Andrews University and the legacy of John Macpherson Berrien

In 1863, during the bloodiest conflict in United States history, the Seventh-day Adventist Church was founded. Much has been said about Adventists’ connection to the 19th century abolitionist movement at the heart of America’s Civil War. Benjamin Baker, Kevin M. Burton, Doug Morgan, and others have noted that many early Adventist pioneers petitioned against slavery, joined political parties devoted to its abolition, and applied the third angel’s message to the antislavery cause.

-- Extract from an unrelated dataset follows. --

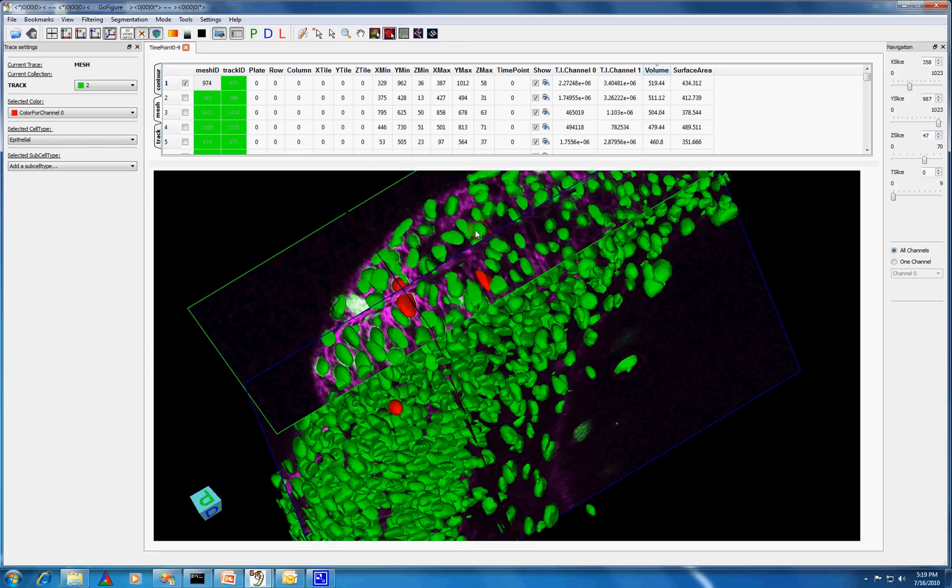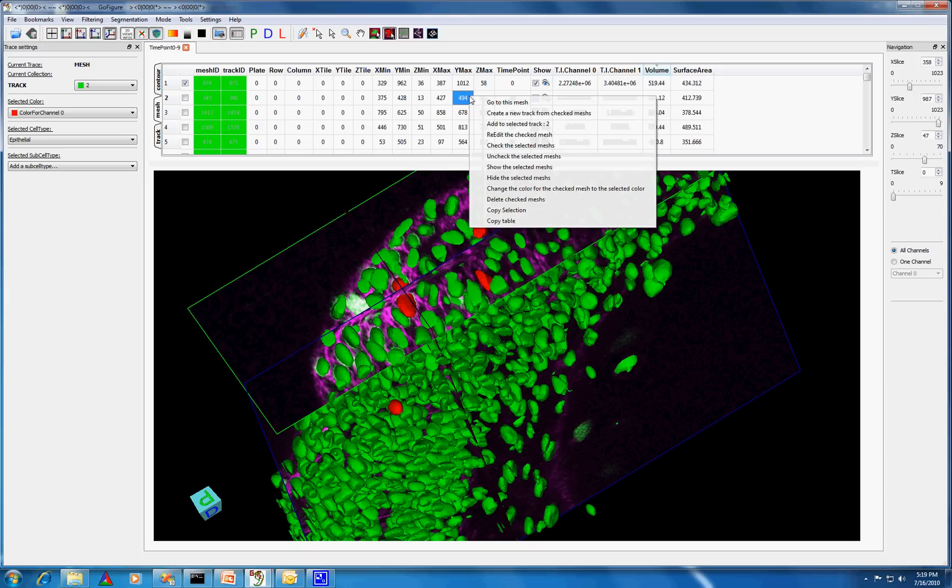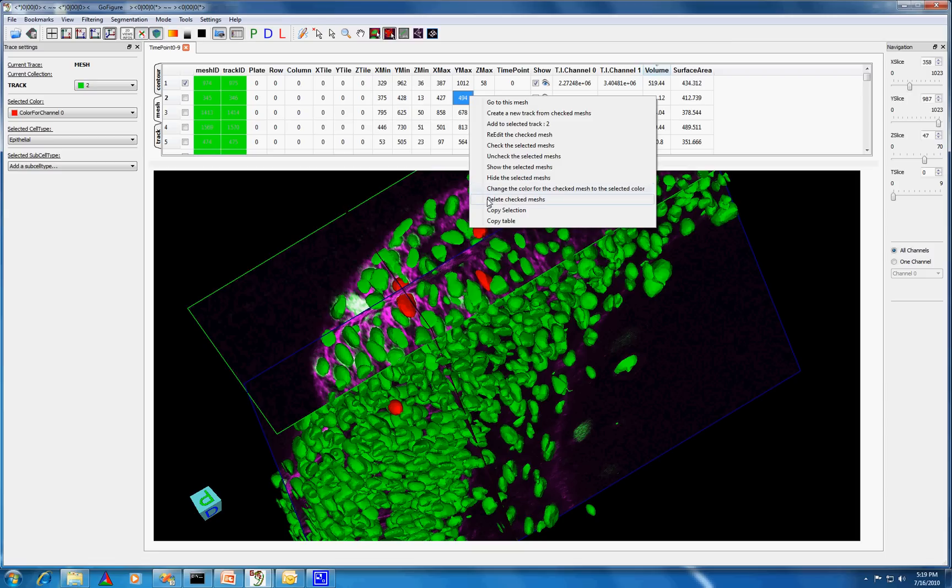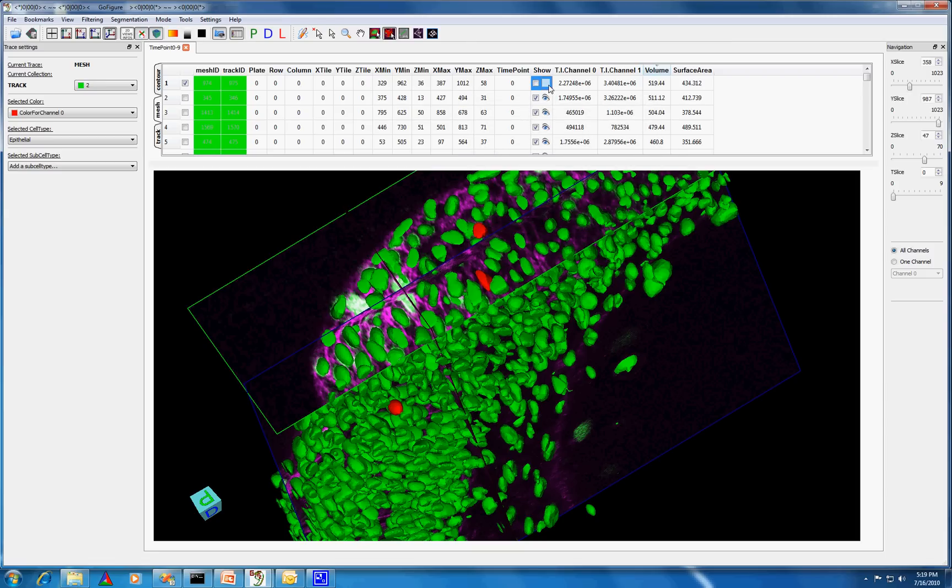Once you've done this, you're able to perform a number of operations on the meshes you have selected. For example, you could change the color of the highlighted meshes, delete the meshes, or choose for every mesh in the table whether you want it to be displayed or hidden.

The Seventh-day Adventist Church is unique in this regard. Unlike its Protestant counterparts, whose legacies do include the peculiar institution of slavery, members of the Adventist church never held enslaved people. If any self-proclaimed Adventist held such views or subscribed to racist thinking, they would be disfellowshipped from the church. However, this does not absolve the Adventist church entirely from the legacy of slavery, deeply embedded into the U.S. cultural landscape. From the legacy of failed Reconstruction to Jim Crow, domestic terrorism and mass incarceration to the racial wealth gap, and from voting rights and fair housing to education, slavery’s impact is everywhere.

The church, deeply concerned with the imminent second coming of Christ, has made it its mission to bring healthy living and Christ-centered education to the world, becoming the second-largest healthcare and education provider on the planet. With such notoriety and an increasingly recognizable brand (just a glance at a NASCAR race, the 2020 NBA Bubble, and the formidable Choir of the World), this should prompt inward reflection on what Adventist institutions may look like within their local communities, particularly in the realm of education.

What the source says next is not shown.